信仰の善

仁慈の善二つの状態

 

 

天界の秘義2846

 

「わたしはあなたを祝しに祝そう」。これは真理の情愛から実を結ぶことを意味していることは、『祝せられる[祝福される]こと』の意義から明白であり、それは天的な霊的な善で富まされることを意味しており(981、1096、1420、1422番を参照)、ここでは霊的な者たちがとり扱われているため、信仰の善から、またはそれと同一のものであるところの、真理を求める情愛から実を結ぶことである。

 

 

天界の秘義3236[2]

 

 霊的な善とは何であるか、この善に接合された霊的な真理とは何であるか、は直ぐ前に引用した記事から認めることができよう(3235番)。人間における霊的な善とは全般的には信仰の善と呼ばれるものであり、これは隣人に対する仁慈以外のものではないが、しかしそれが仁慈となるためには、それは霊的な人が主から与えられる新しい意志から発しなくてはならあに。
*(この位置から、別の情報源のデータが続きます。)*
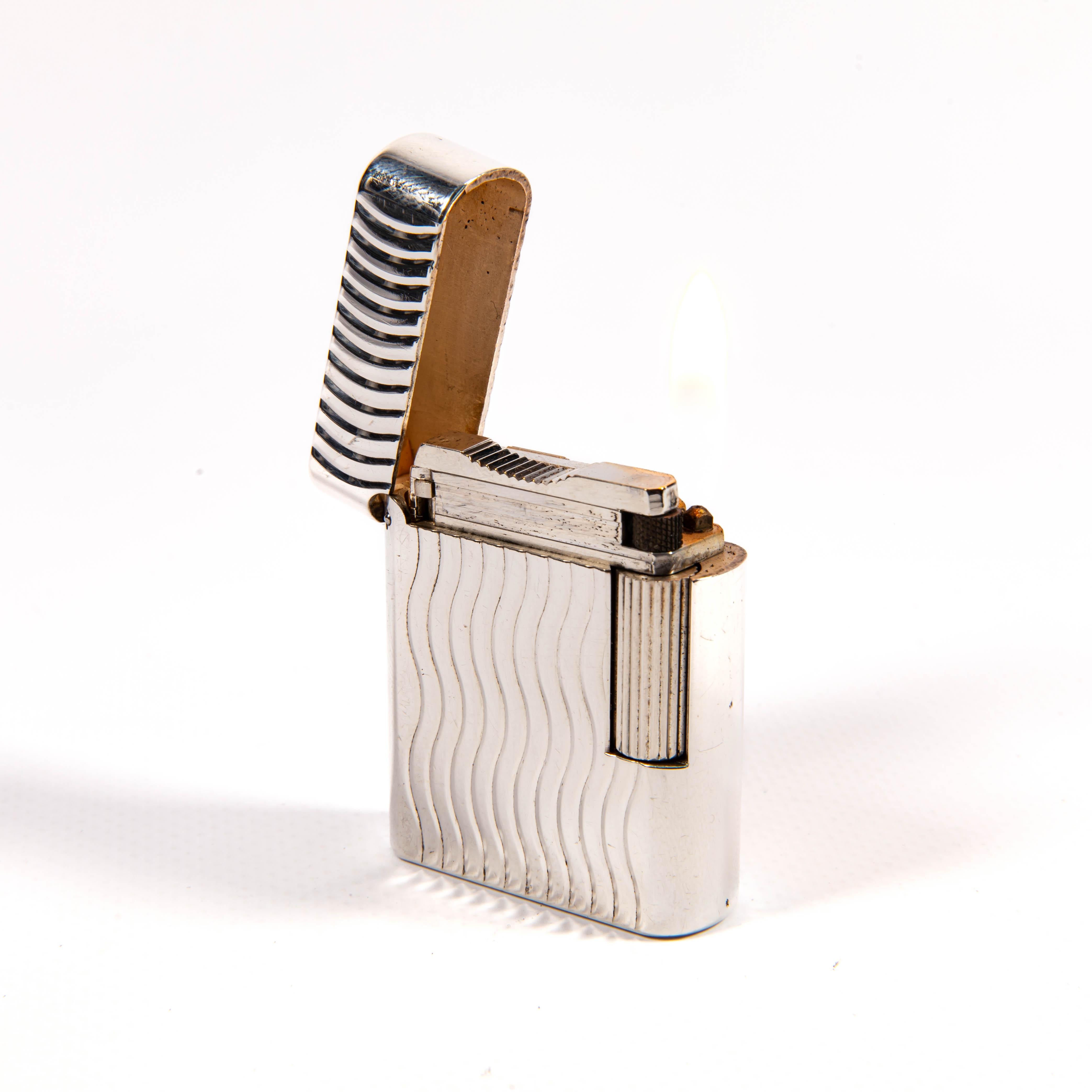 Vintage Silver Plated S.T. DUPONT Briquet Soubreny 1990 en vente 2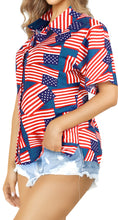 Load image into Gallery viewer, LA LEELA Women's Patriotic Hawaiian Shirt Beach Swim Berry Red P00649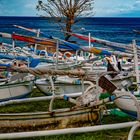 Jukung boats on the Virgin Beach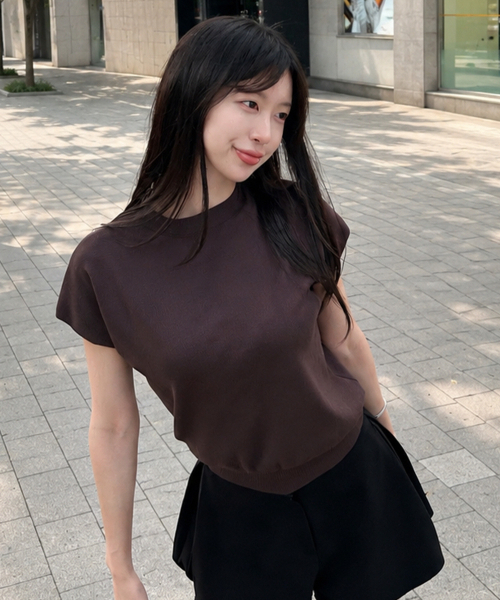 MIND BRIDGE WOMEN（マインドブリッジウーマン）の「[W]キャップスリーブモックネックニット - 6色（ニット/セーター・レディース・ブラウン/ライトベージュ/ブラック/アイボリー/モカ/スカイブルー・FREE）」の10枚目の写真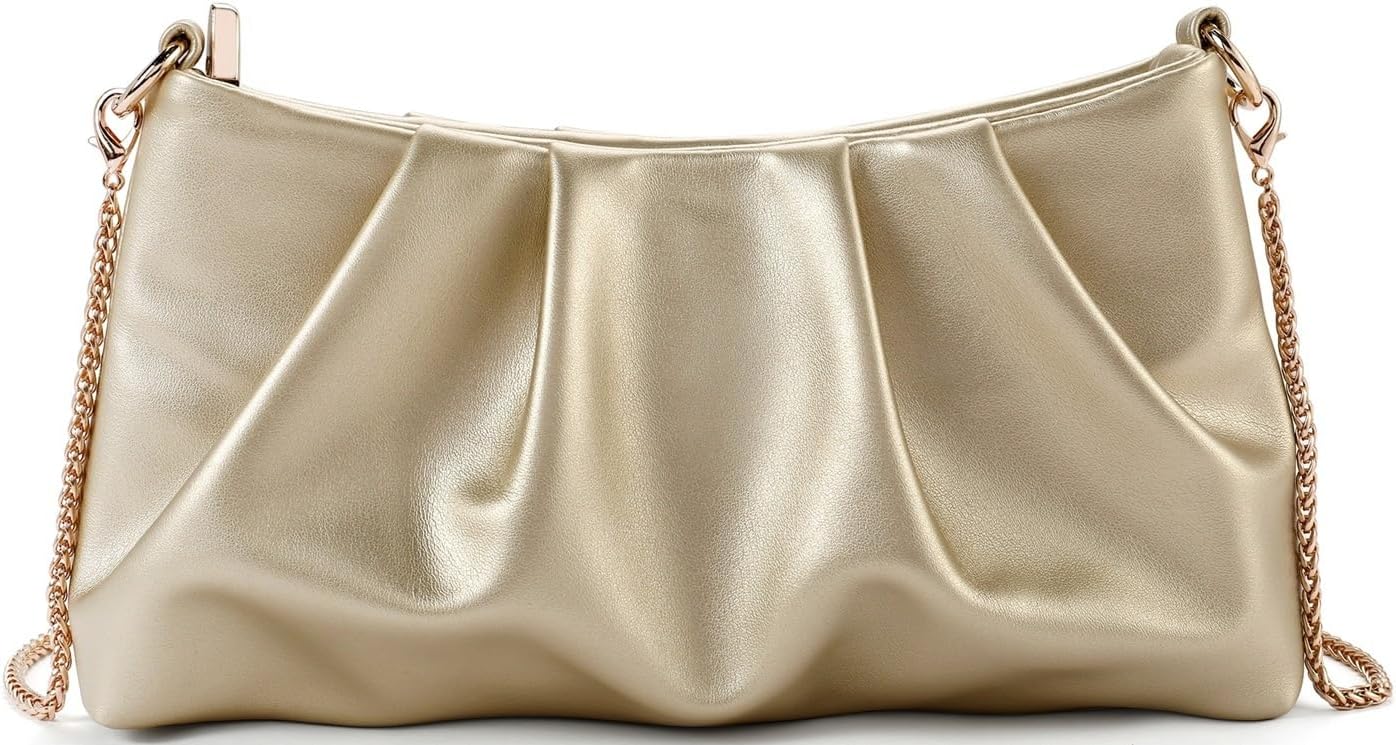 Women's Clutch Purse, Pleated Evening Handbag, Shoulder Bag with Detachable Chain and Shoulder Strap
この善に接合される霊的な真理は信仰の真理と呼ばれるものであり、これは仁慈を先ずそれが存在している目的として認め、後にはそれが発生してくる源泉である起原として認めるもの以外のものではないが、しかしそれが霊的な人に対し信仰の真理または信仰となるためには、それはその霊的な人が主から与えられる新しい理解から発しなくてはならないのであり、その新しい理解はその光を新しい意志から得なくてはならないのである。

 

 

天界の秘義3249

 

「東方の東の地へ」(創世記25・6)。

 

これは、信仰の善へ、を意味していることは、以下の記事にとり扱われる『東』と『東の地』の意義から明白である。『東の地』により意味されているところの信仰の善は聖言に隣人に対する仁慈と呼ばれているもの以外のものではなく、また隣人に対する仁慈は主の戒めに従った生活以外の何ものでもない。これが『東の地』により意味されていることは前に見ることができよう(1250番)、それで信仰の善にかかわる知識の中にいた者たちは『東の息子たち[東の子ら]』と呼ばれたのである。東の息子たちの地はアラムまたはシリヤであった。(アラムまたはシリヤは善にかかわる知識を表彰していることは前の1232、1234番に見ることができ、アラム ナハライムまたは川々のシリアは真理にかかる知識を表象している、3051番)。

 

 

天界の秘義5626

 

なぜなら信仰の真理が意志の中へ移ると、それは信仰の善となるからである、なぜなら真理はそのとき人間の生命の中へ移り、それがそこに存在すると、知られねばならないものとしてではなく、為されねばならないものとして認められ、従ってそれはその本質を変えて、実際的なものとなるからである。ここからそれはもはや真理とは呼ばれないで、善と呼ばれるのである。

 

 

 

天界の秘義7474〔2〕

 

 ここにイスラエルの子孫により表象されている霊的な教会については、それは内なるものであり、また外なるものであり、仁慈の善の中にいる者たちは内なる教会の中におり、信仰の善の中にいる者たちは外なる教会の中にいることを知られたい。隣人に対する仁慈から信仰に属した諸真理を認める者たちは仁慈の善の中にいるが、信仰から仁慈を目指す者たちは、かくて仁慈の情愛からではなくて、信仰の服従から、即ち、そのように命じられているために、善いことを行う者たちは信仰の善の中にいるのである。ここにイスラエルの子孫により元来表象されている者たちはこれらの(後の)者である。なぜならこれらの者は他生で誤謬にいる者らから取りつかれて悩まされる者であるからである。仁慈の情愛の中にいる者たちはそのように取りつかれて悩まされる筈はないのである、なぜなら誤謬と悪の中にいる者らはこうした善の中にいる者たちには近づくことが出来ないからである、それは主はこうした善の中におられるためである。もしこれらの者が取りつかれて悩まされるなら、それは単に彼らが真でないものを真であると信じる手段ともなった妄想と外観の方面のみのことであり、また彼らの教会の教義から、真理ではないのに、真理であると教えられた事柄の方面のみのことである。こうした者たちは他生では進んで誤謬を斥けて、真理を受け入れるが、それは仁慈の善は真理を受けるものであるためである、なぜならそれはそれを愛し、また望みもするからである。